All the resources described in the fragment store are uniquely identified. The Identifier Service is responsible for identifying (i.e., providing a unique identifier to) the resources described in incoming data records. The identification of resources is specific to the resource type and can be more or less complex depending on the existence of a “natural” identifier for the type of resource considered and the presence of this identifier in the data collected. For example, it is easy to identify geographic areas with zip codes, especially when these codes are part of the incoming records. For resource types for which no natural identifier exists, the Identifier Service has to maintain its own identifier scheme. In that case, it is necessary to compare each new incoming record to existing records in order to decide if it corresponds to a new resource that requires a new identifier or to an existing resource for which an existing identifier can be reused.

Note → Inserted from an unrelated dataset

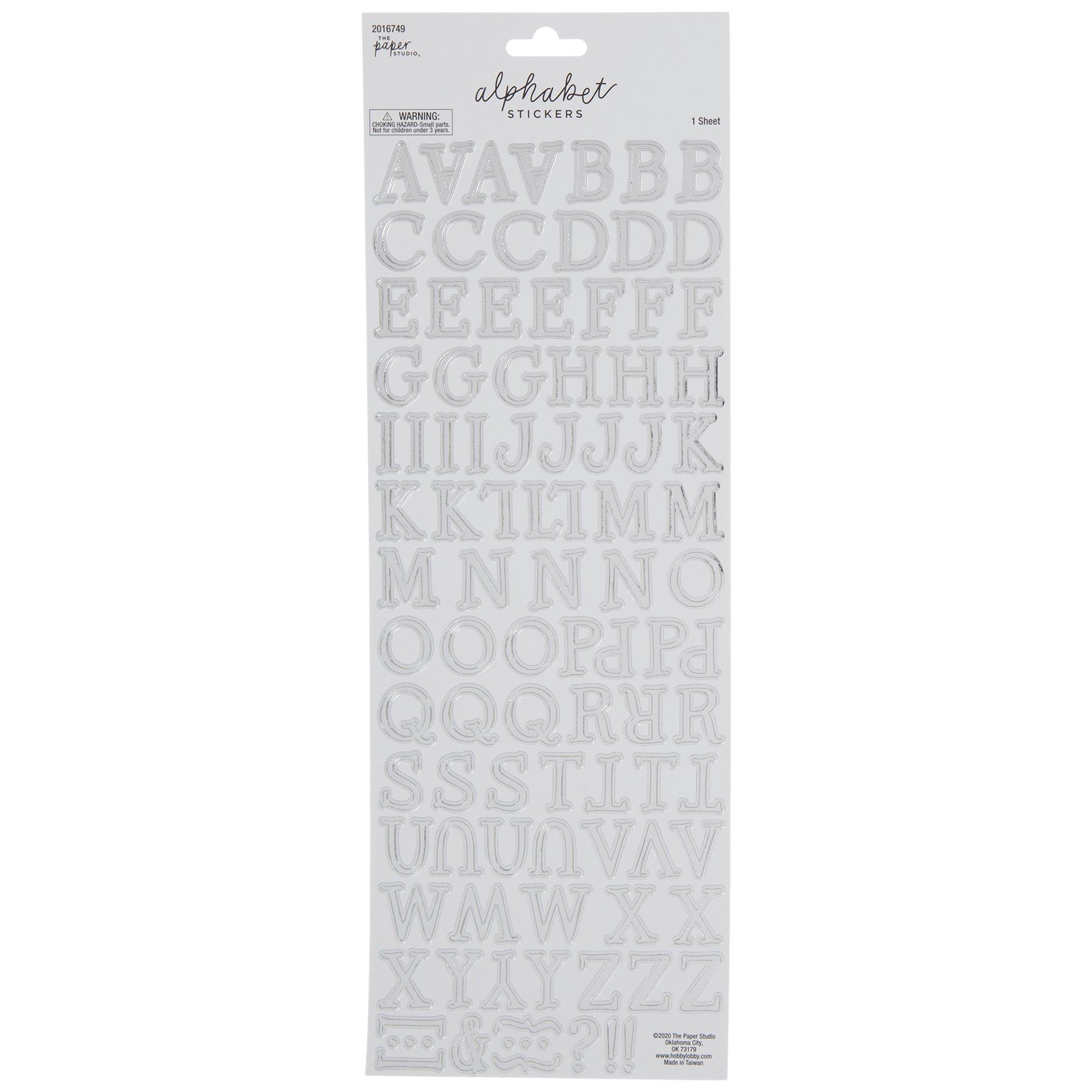 Gracie Moon Alphabet Stickers Hobby Lobby 2016749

As seen previously, facts are basic properties of resources characterized by a property name and a property value.
In order to avoid ambiguities and deal more efficiently with multilingualism aspects, property names and as many property values as possible come from controlled vocabularies managed in an vocabulary bank.

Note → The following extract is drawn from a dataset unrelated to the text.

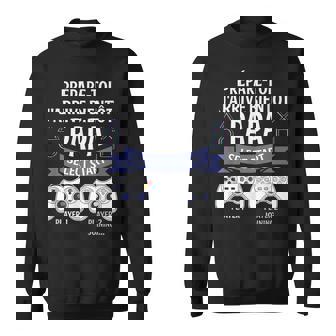 Idée Annonce Grossesse Originale Futur Papa Gamer Humour Sweater e - Cadeauxyz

We explained the rationale for using controlled vocabularies and managing them in a vocabulary bank in a previous post.
Data Acquisition Architecture
The diagram below shows an architecture that supports the data acquisition workflow introduced in part 2.

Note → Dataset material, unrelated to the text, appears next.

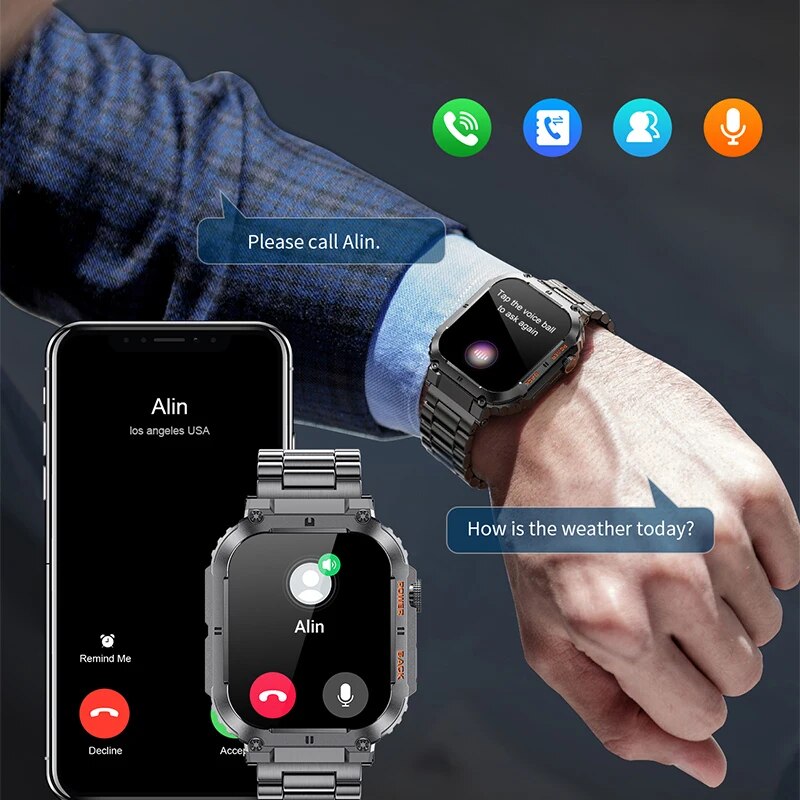 LIGE 남성용 야외 스포츠 피트니스 스마트워치, 블루 - Health Wellness Bracelet 리뷰 및 가격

Data is pulled into the workflow using a Data Extractor and/or a Web Scraper. Both of them rely on the Data Source Registry to find and query their targets and on the Data Acquisition Registry to register their data acquisition actions and obtain action ids. Once this is done, the systems push the newly collected data into a Data Receiver that queues it until it is consumed by a Data Ingestor. The Data Ingestor caches the data, splits it into records, and calls an Identifier Service to identify the resources described in the records. Once the records have been identified, the Data Fragmentor looks up:
- The Data Source Registry to know how to map record fields into fact properties and
- The Vocabulary Bank to normalize the fact values.
Finally, the Data Fragmentor breaks the records into action-fact fragments and stores them in a Fragment Store.
Note that this architecture can easily be extended to support push scenarios with data sources publishing their data directly to the Data Receiver.
Data Integration and Curation Architecture
The diagram below shows how applications can use the data contained in the Fragment Store.
Except for the Data Integrator, most applications do not use data fragments directly. Rather get access to data via optimized views produced by a View Builder. As the data contained in the Fragment Store is normalized (i.e., only contains term identifiers), these applications might also have to look up these term identifiers in the Vocabulary Bank before the data can be presented to end-users.
In addition to reading data from the Fragment Store via the View Builder, Applications, such as the Data Curation Application of the diagram, that also writes data to the Fragment Store, have to register their data acquisition actions in the Data Acquisition Action Registry before adding data as action-fact fragments directly to the Fragment Store.
As data integration occurs at the fragment level, the Data Integrator, which only works at the fragment level (i.e., directly reading and writing fragments), only needs to register its data acquisition actions in the Registry without having to access the Vocabulary Bank and the View Builder.